Neither the Customer nor any Authorized User (as defined below) shall have any right, title or interest in the Platform, except as provided herein. Except as provided above, neither the Customer nor any Authorized User shall copy, reproduce, duplicate, publish, disclose, distribute, license, sub-license, relicense, use as the basis for a derivative platform, assign, release, transfer, sell or otherwise make the Platform available to any other organization or person in any form or manner whatsoever. FWC reserves the right to withdraw from the Data any item or part of an item for which it no longer retains ownership rights or which it has reasonable grounds to believe infringes copyright or is unlawful or otherwise objectionable or for which FWC reasonably believes that the Customer has failed to adequately protect FWC’s title, copyright and other rights.

SECTION 3. CUSTOMERS AND AUTHORIZED USERS AND LIMITED ACCESS

“Customer” is the organization defined in the preamble which may be an individual, firm or organization accessing the Platform for a commercial interest rather than a public, not for profit, or educational interest and may include a Corporation, limited liability company, law or other business organization member of IATA or a CASS associate, that wishes to access the Platform and/or utilize the Software.

“Authorized Users” means the number of users set out in the purchase order that can include (i) in the case of Customers organized as corporations, the Customer’s employees, (ii) in the case of Customers organized as limited liability companies, the Customer’s employees and members, each of who, in compliance with this Agreement,  (a) is covered by the applicable fee paid by the Customer or subscribed for free to the Sky version  and (b) have been issued a username and password.
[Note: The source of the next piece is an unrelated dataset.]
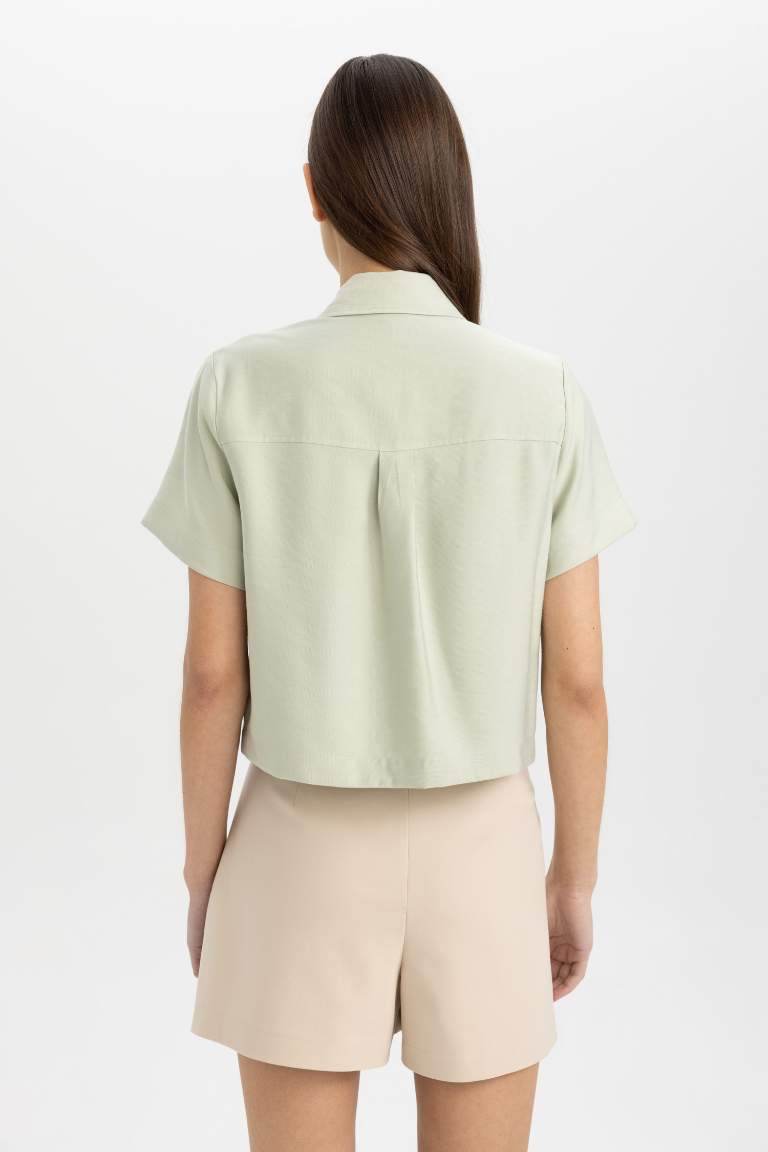 Shirt Collar Tencel Short Sleeve Crop Shirt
“Limited Access” means access to that portion of the Data specified in the purchase order (typically listed by country of origin).
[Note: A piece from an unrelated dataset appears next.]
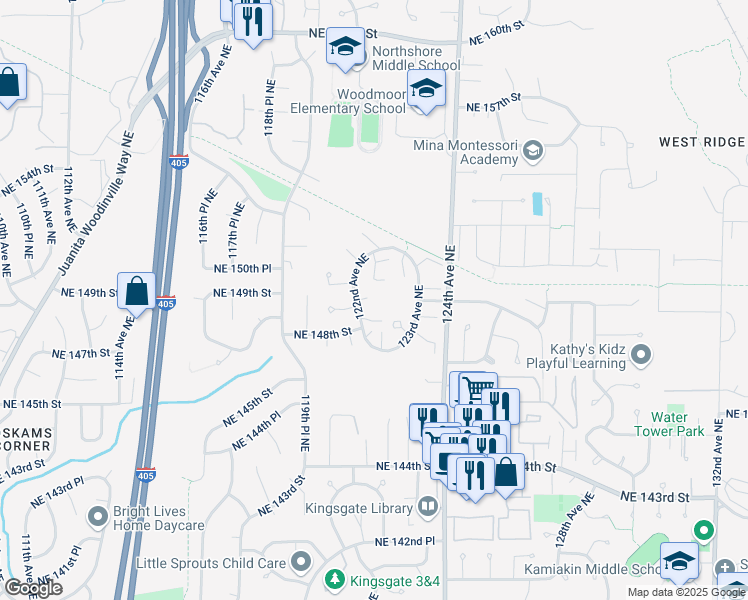 map of restaurants, bars, coffee shops, grocery stores, and more near 12209 Northeast 149th Street in Kirkland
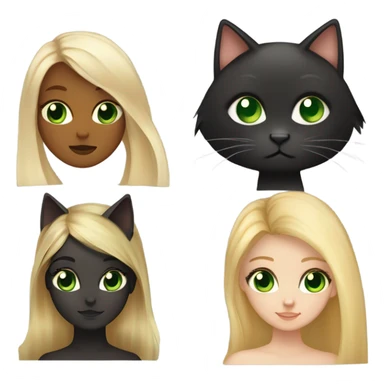 A girl with light green eyes, long blonde hair with brown roots, a black cat with green eyes on lying on her right shoulder, and a tortoiseshell cat on her left shoulder sticker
Only Authorized Users are permitted to access the Platform and permissions shall not extend to any subsidiary or affiliated entity unless specifically listed. Customer and each Authorized User shall be responsible for maintaining the secrecy of usernames and passwords. Customer and each Authorized User agree to notify FWC if a username has been compromised.

The Authorized User shall access the Platform via FWC’s website through the use of a username and password. The Customer and Authorized user are responsible for establishing and providing its/their own connection to the FWC website using a standard web browser and internet connection. No other services are provided under this Platform Subscription Agreement.
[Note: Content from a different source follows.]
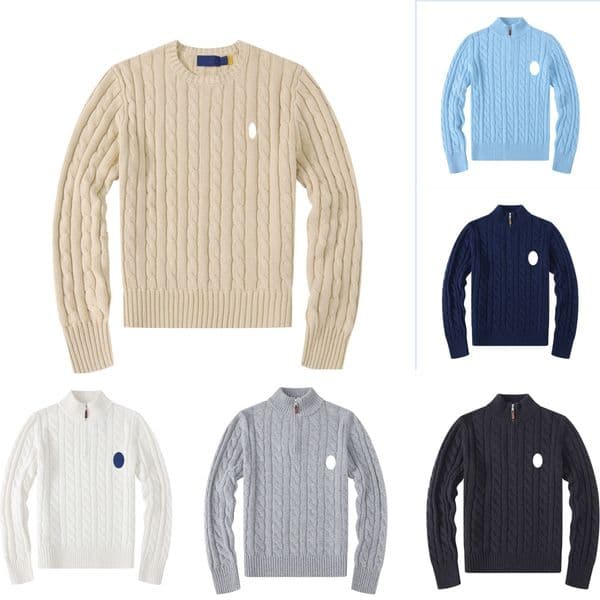 Men's Sweaters Designer sweater Pony Men's Autumn and Winter Embroidered Sweater Half High Zip Knit Trend Backing Shirt Fried Dough Twists sweater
The Customer and Authorized User are solely responsible for its use of the Platform. The Customer and Authorized User agree that they will not use the Platform for any illegal purpose, in infringement of copyright, trademark, intellectual property or property rights or laws, or in any manner or for any purpose that interferes with or disrupts other Customers, Authorized Users, services or equipment, including FWC users, services and equipment.

Customer and Authorized User acknowledge and agree that FWC website was developed by and is solely owned by FWC and/or its affiliated companies and that it will remain the exclusive property of FWC and/or its affiliated companies..

FWC warrants and represents that FWC has all necessary permits, licenses, rights and authorizations to enter into and perform in full this Agreement including valid licenses of all intellectual property rights (including but not limited to patents if any, trademarks, database rights, copyrights, author rights, design rights) which are necessary for the performance of any of its obligations hereunder (and for Customer to access and use the Platform, Data and Software and other benefits conferred by this Agreement).

SECTION 4. DESCRIPTION OF SERVICES

System requirements and description of the services.

        Version: Web Cargo 3.0

        System requirements: DSL (Internet connection), PC, MAC, IPAD, Tablet or certain  

       smartphones.        

        Customer must be: IATA Forwarder or Cass associated.

The services provided by FWC will be the following:

Air Freight Rates Data This service allows the user to search the airlines rates provided by customers or carriers or general sales agents (“Air Freight Rates”) by entering origin and destination or a specific airline. As a result, the search results will be displayed and sorted by price in ascending order (from the cheapest to the most expensive rates). User may also calculate the final price by inserting the total “gross weight” and “chargeable weight” or the weight and dimensions of all the shipments.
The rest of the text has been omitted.